Monday, September 26, 2005

Things look different from the other side, let me tell you. I remember fretting over the type of paper on which I would print my resume, grooming the zinger questions I would level to wow potential employers, carefully choosing between pomade or gel to augment the marketability of my hair, and generally adding to the collective neurosis of the student body. That’s the career fair for you, I guess–a flea market of ideas and the eager applicants who would embrace those ideas or, at the very least, endure them for a year or two.

Do you know what happened to the resumes I collected today? The good, the bad, the ones on 32-lb ivory paper, the few printed on bright whites stolen from public copiers? They’re sitting in a single pile on my desk, somewhere in the general vicinity between my monitor and my lunch napkin, and my fervent wish is that the cleaning staff won’t mistakenly toss the stack tonight.

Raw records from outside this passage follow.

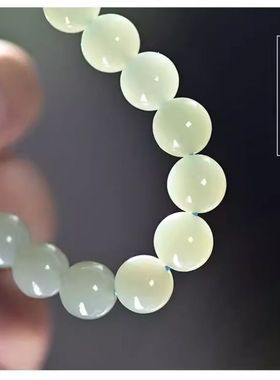 爆款仿和田玉晴水手串手链女款冰晴水白玉散转运珠女士玉石手串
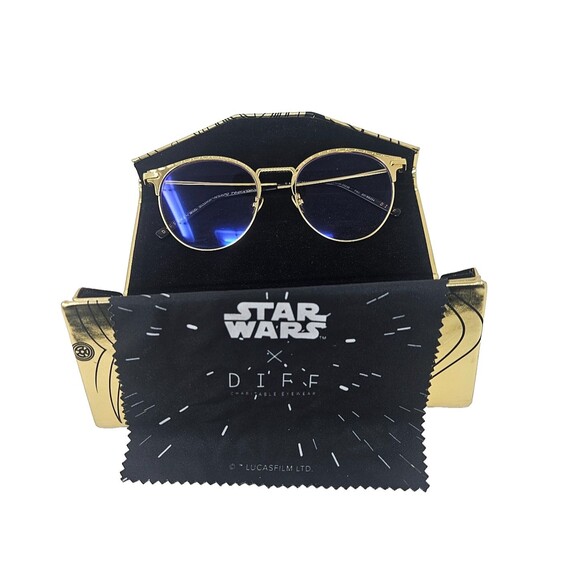 DIFF Eyewear x Star Wars Glasses C-3PO Gold Frames Only + Case & Cleaning Cloth - Picture 2 of 7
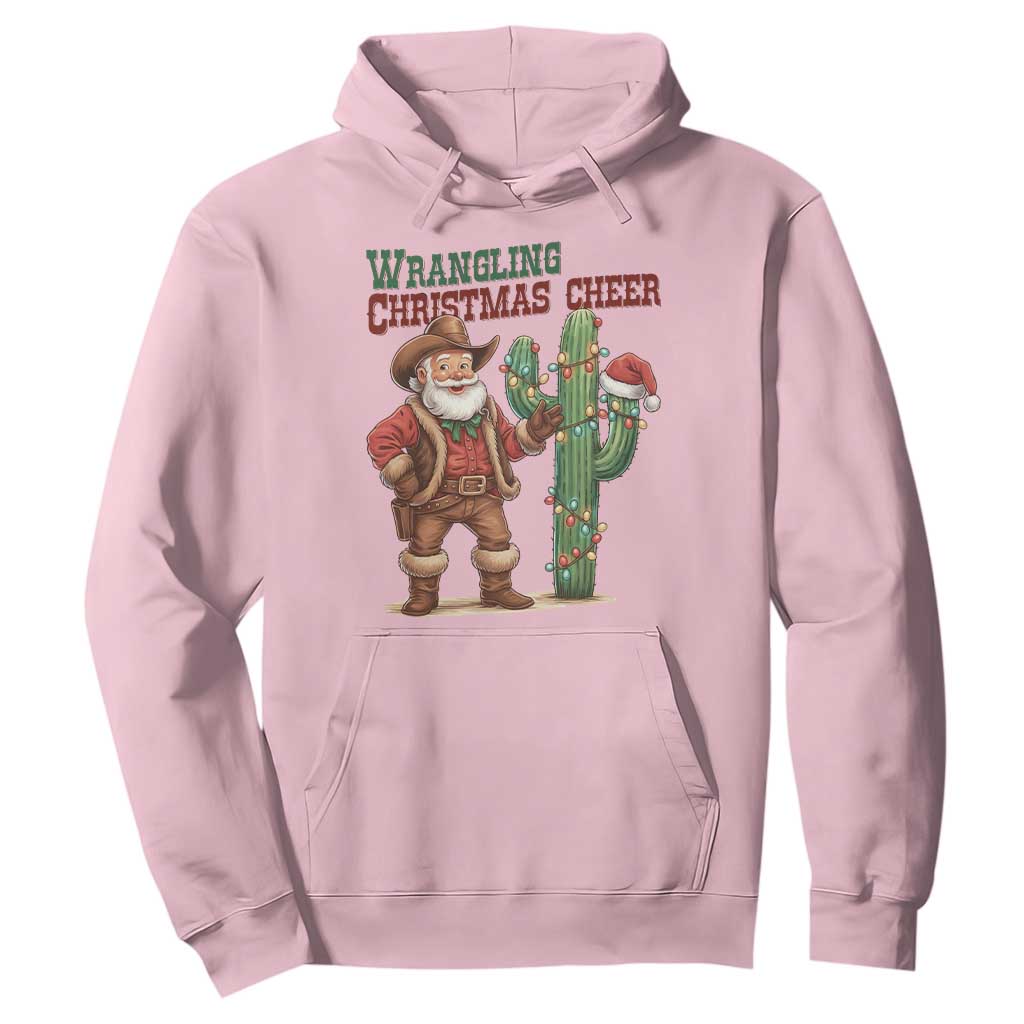 Funny Santa Cowboy Hoodie Wrangling Christmas Cheer TS14 Light Pink Print Your Wear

In the end, I don’t believe employers give two shits and a tchotchke about the content of your mousse and, to a certain extent, even your qualifications. It’s the personality that remains with the resume. Sure, there’s a minimum level of competency required, but we’re talking about a job fair at Northwestern. It’s a carnival of competency, a poundhouse for careerists, where the overlooked question is whether we will find something we value intrinsically, rather than something we can just do.

Originally I wanted to paint the typology of job expo attendees for you–stoner, hot chick, leather portfolioso, that kind of thing–but my eyes are already closing. I must go downtown tomorrow. My colleague is familiar with the ways of art students, and she recommends I wear all black. I think I will make do with a hat braided from the wool of free-range yak.